Pictured above is Jacob Fishel playing Edgar in a production of Shakespeare's King Lear, as presented by Theater for a New Audience

King Lear, in my estimation, is one of Shakespeare's greatest plays. I was pleased to be able to see the play this past summer, performed by Santa Cruz Shakespeare, with Paul Whitworth playing an incomparable Lear.

It is Fishel's photo I feature, though, not Whitworth's, because one line from the play keeps bubbling up from somewhere deep within me, and that line, found in the play's Act 5, Scene 3, belongs to Edgar:

The oldest hath borne most: we that are young,
Shall never see so much, nor live so long.

As the end of this year is advancing upon us, I am ever more justified in playing my "old guy" card. I have one of those "big birthdays" arriving soon, and more and more, as time advances, Edgar's line "speaks to my condition," to quote a Quaker phrase

Not so long ago, I urged any person who might read my blog to listen (and probably not for the first time) to Peter, Paul and Mary, singing a song originally sung by Pete Seeger, "Where Have All The Flowers Gone." If you click that link to the title of the song, you'll be able to hear Pete Seeger sing it. His rendition, perhaps, is even more powerful than the moving presentation I featured earlier. Both versions brought me to tears.

Edgar's words are not an "old guy's" words.

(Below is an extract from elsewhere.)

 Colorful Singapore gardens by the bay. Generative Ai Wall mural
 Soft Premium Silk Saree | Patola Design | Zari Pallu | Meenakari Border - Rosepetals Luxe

As one of the "old guys," though, Shakespeare's words, as stated by Edgar, keep bubbling up into my mind. 

I have lived what has been a long and wonderful life. I am thankful for it, for everything! But is it really true that those who are young "shall never see so much, nor live so long?"

Oh, no! Please let that not be true!

It is my wish, for those who are young, that they will not see (though I am afraid they might) the arrival of that war doom that has been threatening us all, for my whole life. It is my wish that the young will not see the continuing and progressive destruction of this beautiful Earth, a destruction that we are carrying out ourselves, we who ultimately depend upon this Earth that is our home.

Edgar's speech combines, in my mind, with what Pete Seeger sang, and with what Peter, Paul and Mary sang. The song (in that frame) poses a question, at least so it seems to me, and the answer to that question can animate actions that have the ability to transform our current reality, and to change the future. 

We who are old (and we who are young) all know the question. 

And that question is not: "When will we ever learn?" We already know.

The question is: "When will we ever change?"


1 comment:

  1. Thanks for this. It was so very good to see him in Stern Grove in SF and have his soulful transmission spread over all of us like flower pedals.